Collected data entries:
[Start of section]
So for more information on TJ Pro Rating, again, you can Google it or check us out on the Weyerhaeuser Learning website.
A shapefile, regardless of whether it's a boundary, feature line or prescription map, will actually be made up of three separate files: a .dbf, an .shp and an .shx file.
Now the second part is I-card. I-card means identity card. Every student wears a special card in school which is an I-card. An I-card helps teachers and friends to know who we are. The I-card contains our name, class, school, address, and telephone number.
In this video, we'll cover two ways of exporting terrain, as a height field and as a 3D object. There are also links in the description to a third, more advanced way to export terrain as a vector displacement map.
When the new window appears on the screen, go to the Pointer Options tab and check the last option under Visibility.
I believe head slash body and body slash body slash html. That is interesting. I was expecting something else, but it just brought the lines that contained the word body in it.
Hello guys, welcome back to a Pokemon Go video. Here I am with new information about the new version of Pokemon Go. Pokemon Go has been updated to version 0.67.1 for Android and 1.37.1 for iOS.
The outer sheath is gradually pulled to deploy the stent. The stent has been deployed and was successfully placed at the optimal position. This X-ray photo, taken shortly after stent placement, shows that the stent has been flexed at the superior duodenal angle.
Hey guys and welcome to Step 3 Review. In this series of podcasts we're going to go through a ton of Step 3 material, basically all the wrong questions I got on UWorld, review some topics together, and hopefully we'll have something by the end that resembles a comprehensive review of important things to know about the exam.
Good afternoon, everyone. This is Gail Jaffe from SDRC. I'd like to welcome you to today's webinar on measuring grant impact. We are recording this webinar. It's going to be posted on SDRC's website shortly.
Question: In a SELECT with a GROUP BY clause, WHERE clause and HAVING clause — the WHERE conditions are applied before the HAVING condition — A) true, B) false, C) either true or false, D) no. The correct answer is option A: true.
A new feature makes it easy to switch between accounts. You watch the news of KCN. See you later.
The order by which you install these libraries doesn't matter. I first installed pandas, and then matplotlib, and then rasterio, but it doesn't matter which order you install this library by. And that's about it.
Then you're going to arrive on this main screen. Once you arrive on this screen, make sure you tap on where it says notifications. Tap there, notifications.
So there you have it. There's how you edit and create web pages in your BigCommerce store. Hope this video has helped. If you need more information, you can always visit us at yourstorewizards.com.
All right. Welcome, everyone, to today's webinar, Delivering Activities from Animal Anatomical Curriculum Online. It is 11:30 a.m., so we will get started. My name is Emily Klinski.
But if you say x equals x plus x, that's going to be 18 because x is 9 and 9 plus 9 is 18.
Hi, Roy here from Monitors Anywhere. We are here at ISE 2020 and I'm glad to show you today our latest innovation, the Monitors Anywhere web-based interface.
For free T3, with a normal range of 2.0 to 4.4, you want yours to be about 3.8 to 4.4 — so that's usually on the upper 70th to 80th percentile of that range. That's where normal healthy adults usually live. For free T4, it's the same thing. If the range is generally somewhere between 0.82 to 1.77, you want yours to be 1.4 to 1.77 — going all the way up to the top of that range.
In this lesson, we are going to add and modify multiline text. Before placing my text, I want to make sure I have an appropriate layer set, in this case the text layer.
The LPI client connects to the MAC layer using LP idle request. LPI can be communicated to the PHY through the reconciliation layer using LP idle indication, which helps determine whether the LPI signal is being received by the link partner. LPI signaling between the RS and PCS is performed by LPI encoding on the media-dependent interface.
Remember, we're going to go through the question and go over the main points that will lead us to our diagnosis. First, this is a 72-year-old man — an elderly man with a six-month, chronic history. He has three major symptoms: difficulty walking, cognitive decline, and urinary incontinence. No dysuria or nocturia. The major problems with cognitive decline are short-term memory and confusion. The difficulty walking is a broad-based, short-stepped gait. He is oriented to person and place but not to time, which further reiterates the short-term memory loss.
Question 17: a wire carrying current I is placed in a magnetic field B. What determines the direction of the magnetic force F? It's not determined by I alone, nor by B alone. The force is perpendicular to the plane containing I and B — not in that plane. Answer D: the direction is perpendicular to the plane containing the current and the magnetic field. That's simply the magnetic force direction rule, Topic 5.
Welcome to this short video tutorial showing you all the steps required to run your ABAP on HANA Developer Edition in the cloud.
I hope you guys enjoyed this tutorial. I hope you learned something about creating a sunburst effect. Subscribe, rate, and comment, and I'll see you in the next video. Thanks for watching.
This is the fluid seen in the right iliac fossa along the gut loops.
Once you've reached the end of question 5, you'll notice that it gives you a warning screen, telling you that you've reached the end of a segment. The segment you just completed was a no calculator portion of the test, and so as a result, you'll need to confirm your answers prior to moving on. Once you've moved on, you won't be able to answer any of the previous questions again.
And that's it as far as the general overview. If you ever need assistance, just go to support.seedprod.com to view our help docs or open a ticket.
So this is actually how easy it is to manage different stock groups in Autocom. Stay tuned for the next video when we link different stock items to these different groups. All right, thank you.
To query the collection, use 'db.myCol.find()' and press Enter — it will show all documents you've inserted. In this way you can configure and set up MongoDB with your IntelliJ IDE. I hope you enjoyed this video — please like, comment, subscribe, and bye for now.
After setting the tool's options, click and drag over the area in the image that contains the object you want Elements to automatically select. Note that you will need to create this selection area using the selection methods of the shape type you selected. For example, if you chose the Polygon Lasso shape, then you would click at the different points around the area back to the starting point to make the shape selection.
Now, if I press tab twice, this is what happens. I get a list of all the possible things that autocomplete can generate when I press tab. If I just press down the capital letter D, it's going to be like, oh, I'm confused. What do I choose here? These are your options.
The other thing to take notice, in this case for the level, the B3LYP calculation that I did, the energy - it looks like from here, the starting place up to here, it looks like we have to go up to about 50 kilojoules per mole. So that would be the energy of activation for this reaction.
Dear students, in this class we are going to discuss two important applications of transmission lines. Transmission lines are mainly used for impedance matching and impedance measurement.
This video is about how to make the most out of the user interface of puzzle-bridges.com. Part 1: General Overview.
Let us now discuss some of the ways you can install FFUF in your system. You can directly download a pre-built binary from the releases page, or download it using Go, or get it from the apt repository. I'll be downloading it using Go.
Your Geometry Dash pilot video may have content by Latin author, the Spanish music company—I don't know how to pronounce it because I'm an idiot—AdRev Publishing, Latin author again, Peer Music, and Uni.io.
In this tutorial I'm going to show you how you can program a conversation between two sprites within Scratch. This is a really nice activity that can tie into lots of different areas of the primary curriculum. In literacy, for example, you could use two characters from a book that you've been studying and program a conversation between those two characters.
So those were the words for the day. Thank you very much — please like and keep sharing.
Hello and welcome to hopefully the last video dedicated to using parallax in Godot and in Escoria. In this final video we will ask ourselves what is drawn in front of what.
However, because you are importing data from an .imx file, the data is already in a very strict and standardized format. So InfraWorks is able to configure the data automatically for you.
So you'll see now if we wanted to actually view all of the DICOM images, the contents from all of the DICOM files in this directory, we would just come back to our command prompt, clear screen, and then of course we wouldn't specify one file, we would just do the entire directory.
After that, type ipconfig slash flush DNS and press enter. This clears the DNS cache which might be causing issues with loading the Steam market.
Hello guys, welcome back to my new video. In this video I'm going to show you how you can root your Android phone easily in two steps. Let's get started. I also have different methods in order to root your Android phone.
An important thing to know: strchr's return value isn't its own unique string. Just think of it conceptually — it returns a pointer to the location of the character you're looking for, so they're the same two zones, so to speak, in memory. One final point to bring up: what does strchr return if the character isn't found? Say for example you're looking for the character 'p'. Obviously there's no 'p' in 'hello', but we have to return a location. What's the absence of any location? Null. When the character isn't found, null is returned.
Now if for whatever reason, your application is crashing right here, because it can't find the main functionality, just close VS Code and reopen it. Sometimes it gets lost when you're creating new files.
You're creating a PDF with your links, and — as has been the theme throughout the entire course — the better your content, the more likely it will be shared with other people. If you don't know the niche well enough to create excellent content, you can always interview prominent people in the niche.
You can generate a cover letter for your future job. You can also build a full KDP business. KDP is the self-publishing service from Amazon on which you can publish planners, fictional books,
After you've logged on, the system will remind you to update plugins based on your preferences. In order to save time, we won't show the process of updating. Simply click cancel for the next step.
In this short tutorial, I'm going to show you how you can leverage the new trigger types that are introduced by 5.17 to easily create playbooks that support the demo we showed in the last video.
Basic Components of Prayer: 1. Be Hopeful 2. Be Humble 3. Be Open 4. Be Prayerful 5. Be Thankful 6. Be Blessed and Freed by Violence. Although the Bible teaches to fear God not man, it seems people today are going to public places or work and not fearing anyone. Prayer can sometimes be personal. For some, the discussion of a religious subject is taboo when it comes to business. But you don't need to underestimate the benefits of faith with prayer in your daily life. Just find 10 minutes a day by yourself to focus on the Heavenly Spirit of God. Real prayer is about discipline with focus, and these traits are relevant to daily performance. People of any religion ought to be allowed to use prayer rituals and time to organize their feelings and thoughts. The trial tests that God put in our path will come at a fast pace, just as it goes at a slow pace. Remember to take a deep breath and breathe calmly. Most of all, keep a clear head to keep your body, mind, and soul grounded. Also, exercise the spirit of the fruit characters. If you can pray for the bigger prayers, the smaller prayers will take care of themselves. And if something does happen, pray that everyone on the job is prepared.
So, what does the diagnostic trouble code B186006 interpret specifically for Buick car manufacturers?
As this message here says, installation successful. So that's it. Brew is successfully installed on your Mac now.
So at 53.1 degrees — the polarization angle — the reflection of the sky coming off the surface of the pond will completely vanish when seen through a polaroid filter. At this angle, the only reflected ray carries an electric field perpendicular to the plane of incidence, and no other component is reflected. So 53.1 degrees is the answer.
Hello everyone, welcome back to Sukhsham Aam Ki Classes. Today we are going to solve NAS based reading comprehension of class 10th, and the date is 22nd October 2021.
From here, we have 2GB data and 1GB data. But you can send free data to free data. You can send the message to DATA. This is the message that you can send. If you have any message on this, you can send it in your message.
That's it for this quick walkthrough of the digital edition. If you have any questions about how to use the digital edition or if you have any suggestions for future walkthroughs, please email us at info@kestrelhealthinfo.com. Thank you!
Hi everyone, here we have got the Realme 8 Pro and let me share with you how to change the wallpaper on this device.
[End of section]
Reproduce exactly the lines above from the line with "So, what does" to the line with "As this message", including both, and add nothing.

So, what does the diagnostic trouble code B186006 interpret specifically for Buick car manufacturers?
As this message here says, installation successful. So that's it. Brew is successfully installed on your Mac now.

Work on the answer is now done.